ELIXIR AI PROTEOMICS

Advancing proteomics through AI and high-performance computing

ELIXIR AI PROTEOMICS aims to leverage the European high-performance computing (HPC) resources to pioneer innovative AI-driven methodologies for analysing mass spectrometry (MS) proteomics data. The aim is to set a new standard in proteome data analysis. The project aims to both enhance the scientific understanding of complex biological data and promote the widespread adoption of these technologies among life scientists. The project has three main objectives:

  1.  Establish an AI-driven HPC framework for MS proteomics

Using advanced AI algorithms and GPU computing, project aims to enhance the interpretation of large-scale MS proteomics data and develop open-source tools for their utilisation. Project will focus on creating and optimising algorithms that can efficiently process and analyse the massive datasets using the computational resources of EuroHPC.

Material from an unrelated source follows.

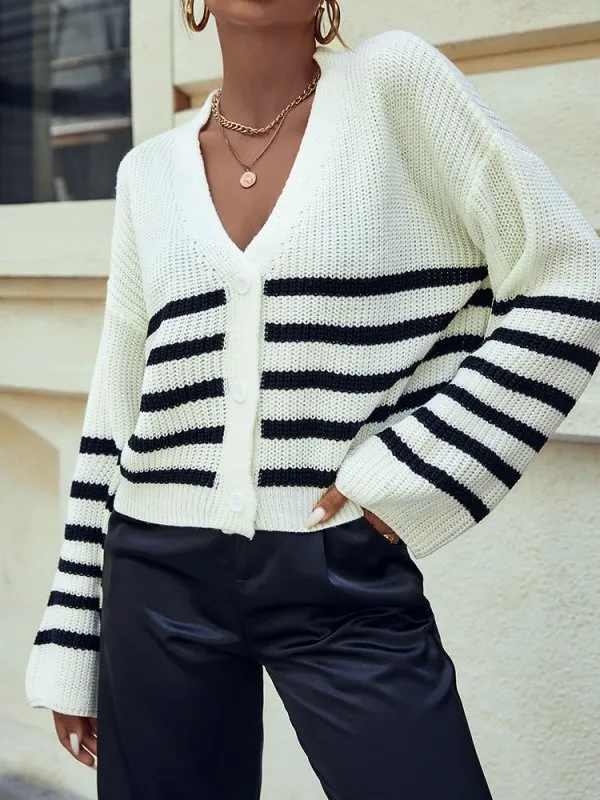 Autumn and Winter Knitted Cardigan Button Stripe Sweater Casual V-Neck Slouchy White Top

      2. Assess the HPC framework on different types of biological samples

The project will conduct a series of evaluation studies using gold-standard spike-in MS proteomics data, and data from diverse types of biological samples. As part of the EMBL-EBI collaboration, it will utilise a ELIXIR proteomics Core Data Resouce, the PRIDE Archive. The project will also promote the use of global data standards to ensure FAIRness of data and research.

      3. Utilise the HPC framework to discover new biomarkers for type 1 diabetes

The project will analyse data from human serum and plasma samples to identify new candidate protein markers that correlate with the progression of Type 1 Diabetes (T1D). In addition, the project will cross-reference findings with publicly available data from the PRIDE Archive to validate the specificity of the markers when compared to healthy individuals and those with other autoimmune diseases or metabolic disorders.

In collaboration with the University of Turku, through this project CSC plays a key role in advancing high-performance computing (LUMI). A key practical implementation is integrating proteomics datasets from EMBL-EBI (the ELIXIR EMBL node) into HPC environments, enabling more efficient data processing and analysis. The project has significant potential impact on improving human health by facilitating efficient analysis and re-analysis of proteomics data and their integration with other digital health data. The open and FAIR data policy enables new opportunities and supports digital transition in biomedicine. The project drives educational impact by spreading supercomputing know-how and influences international developments via collaborations.

This project has received funding from the Research Council of Finland​​​​​​​ under funding decision No 364899.